Significantly Enhanced Thermotropic Liquid Crystalline Columnar Mesophases in Stereoregular Polymethylenes with Discotic Triphenylene Side Groups

Side-chain discotic liquid crystalline polymers (SDLCPs) with discotic (disclike) mesogens (discogens) attached as side groups through flexible spacers constitute a class of fascinating organic polymer semiconducting materials. While so far almost all reported SDLCPs belong to conventional C2 polymers based on polymerization of vinyl monomers, limiting their structure diversities, substitution density, and efficiency promotion.
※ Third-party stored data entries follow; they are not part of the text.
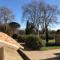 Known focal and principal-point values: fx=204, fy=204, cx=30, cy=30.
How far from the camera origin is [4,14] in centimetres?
4269

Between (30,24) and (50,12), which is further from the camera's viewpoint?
(30,24)

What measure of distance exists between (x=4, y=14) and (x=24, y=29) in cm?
837

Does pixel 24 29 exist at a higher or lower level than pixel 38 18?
lower

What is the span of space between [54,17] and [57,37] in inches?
315

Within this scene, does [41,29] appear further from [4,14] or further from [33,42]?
[33,42]

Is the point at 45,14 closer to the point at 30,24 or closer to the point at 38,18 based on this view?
the point at 38,18

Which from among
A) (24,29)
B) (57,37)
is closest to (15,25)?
(24,29)

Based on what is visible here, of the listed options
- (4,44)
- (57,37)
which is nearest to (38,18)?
(57,37)

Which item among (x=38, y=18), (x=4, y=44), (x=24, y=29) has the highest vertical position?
(x=4, y=44)

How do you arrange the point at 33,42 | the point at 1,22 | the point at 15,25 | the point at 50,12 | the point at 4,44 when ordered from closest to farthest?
the point at 4,44 < the point at 33,42 < the point at 50,12 < the point at 1,22 < the point at 15,25

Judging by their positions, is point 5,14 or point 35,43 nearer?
point 35,43

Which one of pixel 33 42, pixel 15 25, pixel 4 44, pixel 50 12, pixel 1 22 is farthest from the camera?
pixel 15 25

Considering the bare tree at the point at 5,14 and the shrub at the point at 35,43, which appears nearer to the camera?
the shrub at the point at 35,43

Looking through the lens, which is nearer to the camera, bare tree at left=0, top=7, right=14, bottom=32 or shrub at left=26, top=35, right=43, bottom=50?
shrub at left=26, top=35, right=43, bottom=50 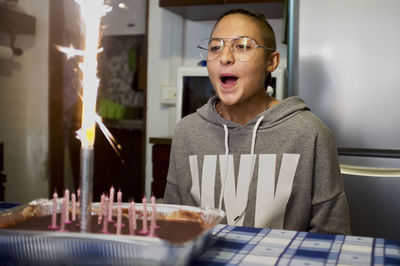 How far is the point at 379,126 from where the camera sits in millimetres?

In this article we present the synthesis of a series of syndiotactic polymethylene SDLCPs of Pm(TPn) with discotic triphenylene (TP) side groups of variant peripheral alkoxy substituents (n = 6, 4, 10) and different length alkyl spacers (m = 3, 4, 6, 8, 10, 12) through an indirect two-step rhodium-complex-catalyzed C1 carbene polymerization pathway. The thermal properties and ordered organization structures of the precursor polymers and polymethylene SDLCPs have been systematically investigated with differential scanning calorimetry (DSC) and polarized optical microscopy (POM), especially through synchrotron radiation variable-temperature small/wide-angle X-ray scattering (SAXS/WAXS) analyses. All of the series C1-type syndiotactic polymethylenes with high densely substituted TP side groups exhibit various hierarchical ordered columnar mesophases comparable to that of the typical side-chain C2 polymers of well-defined polyacrylates with TP discogens. Moreover, they possess a remarkably broadened temperature range of columnar structures persistent to very high temperatures in virtue of the stiff helical polymethylene backbone. This work provides a feasible route to prepare the C1-type SDLCPs with high densely substituted functional side groups and may offer an in-depth understanding for the hierarchical organization of ordered columnar structures with significantly increased thermal stability.